__Work instructions__
Copy out all of the lines below exactly; the pictures do not belong in the copy.

(Material to process Opens)

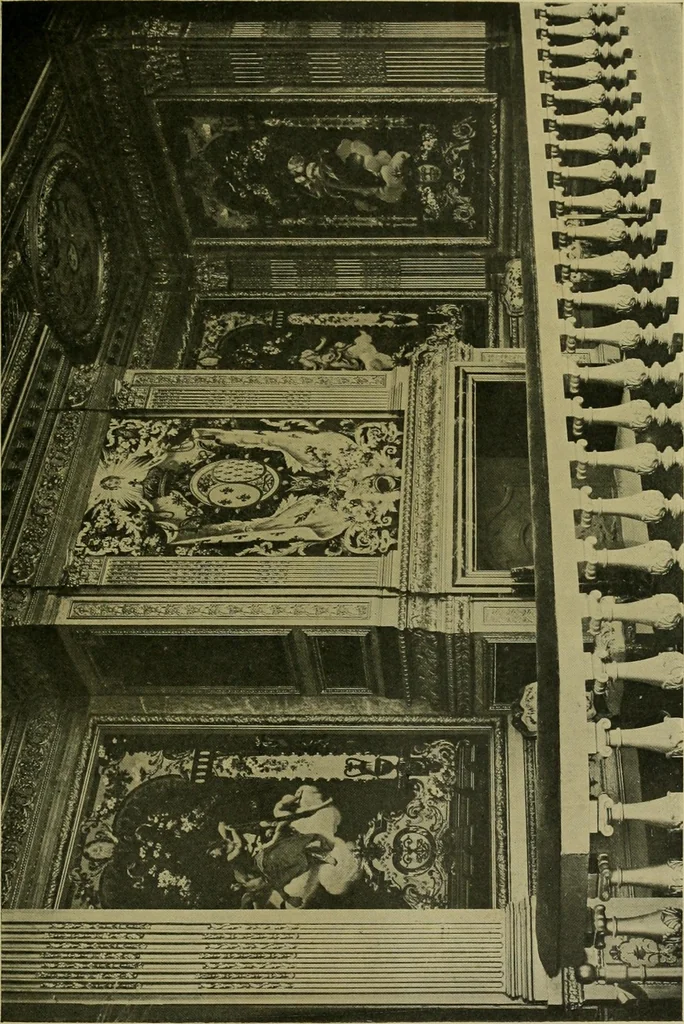 An illustration from L'Art a l'Exposition universelle de 1900, 1900, leaf 666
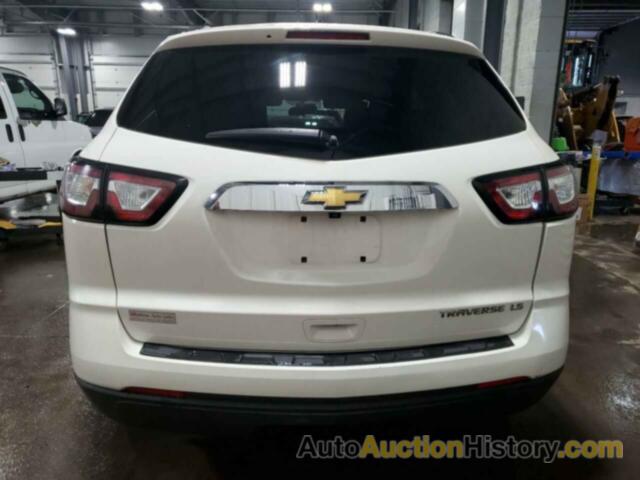 CHEVROLET TRAVERSE LS, 1GNKRFED3FJ255636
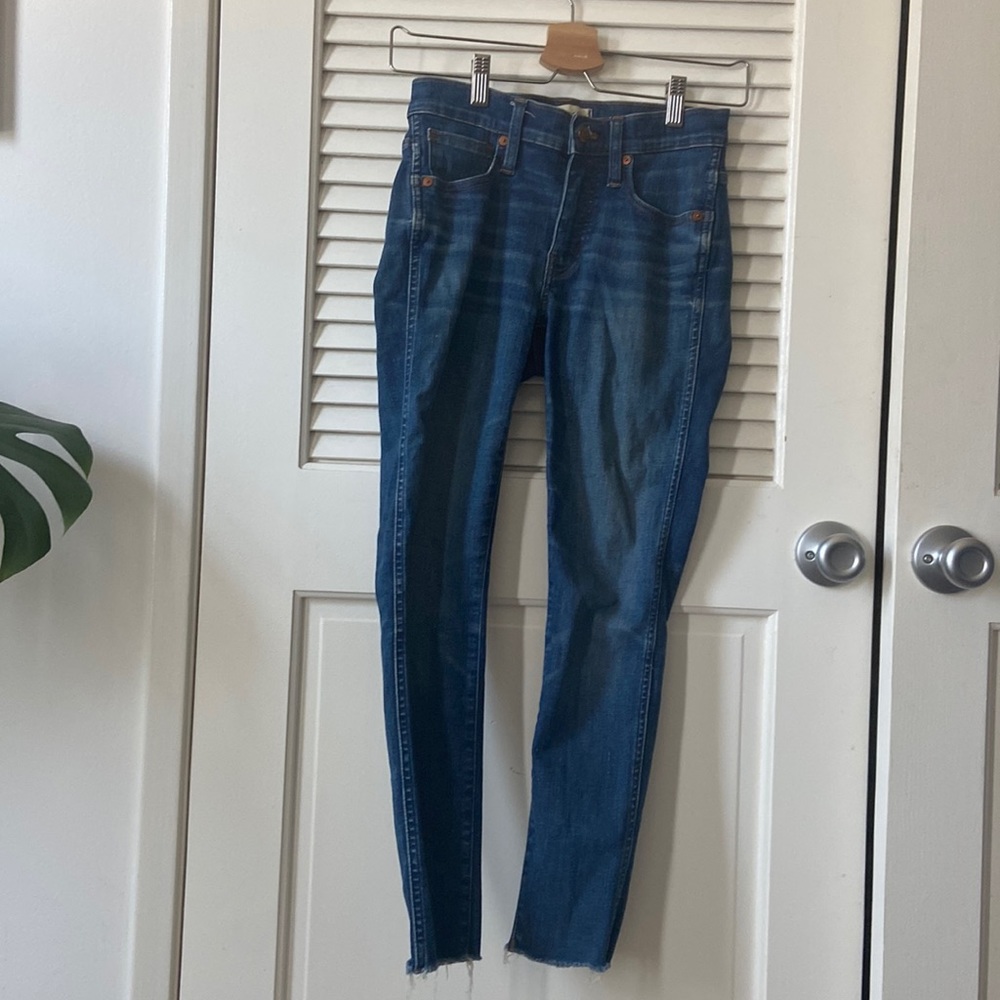 Madewell petite jeans, only worn a few times!
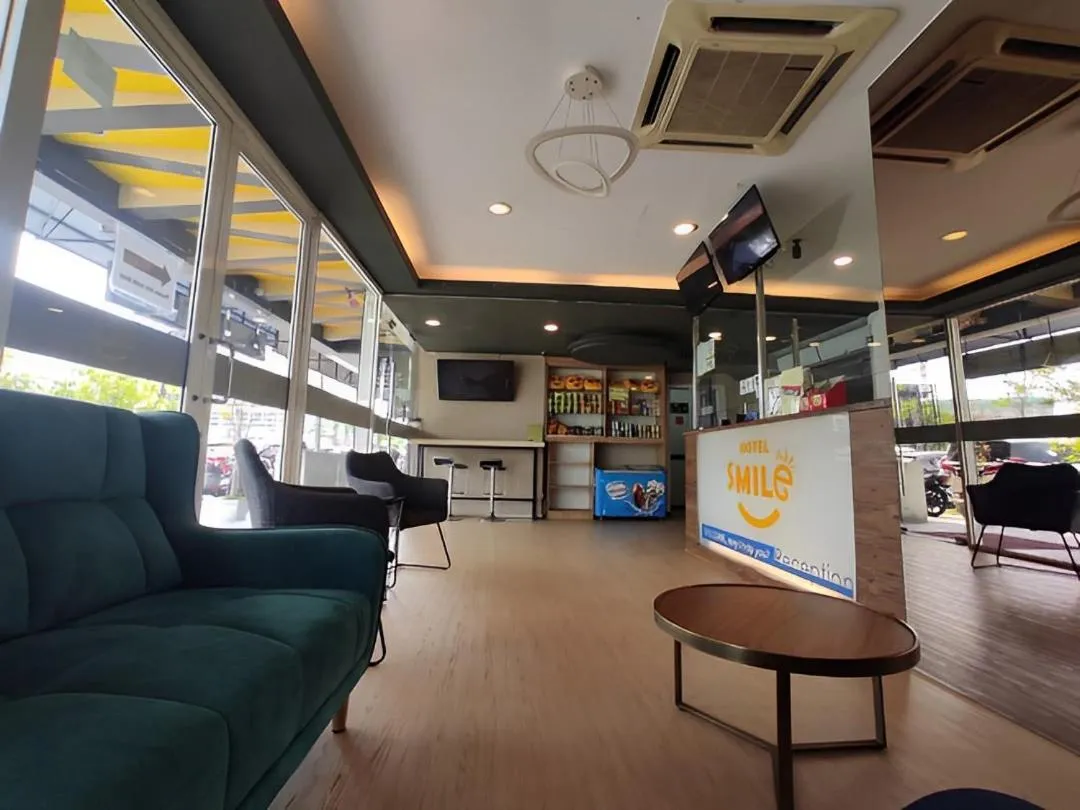 Lobby or reception in Smile Hotel C180 Cheras Selatan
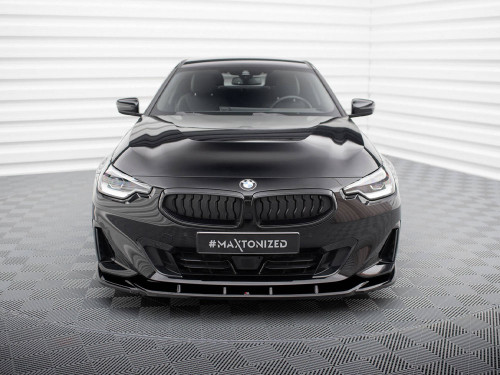 Maxton Front Splitter V.3 BMW 2 Coupe G42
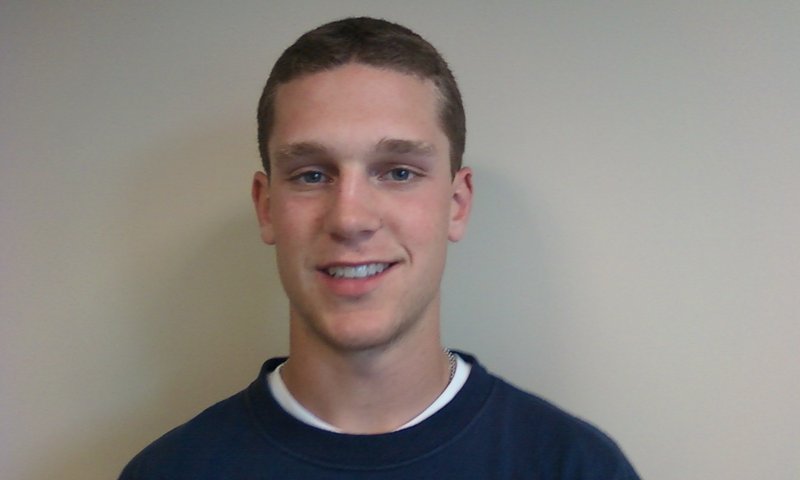 Player of the Week Travis Wade of Deering.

(Material to process Closes)

__Exercise output__
 An illustration from L'Art a l'Exposition universelle de 1900, 1900, leaf 666
 CHEVROLET TRAVERSE LS, 1GNKRFED3FJ255636
 Madewell petite jeans, only worn a few times!
 Lobby or reception in Smile Hotel C180 Cheras Selatan
 Maxton Front Splitter V.3 BMW 2 Coupe G42
 Player of the Week Travis Wade of Deering.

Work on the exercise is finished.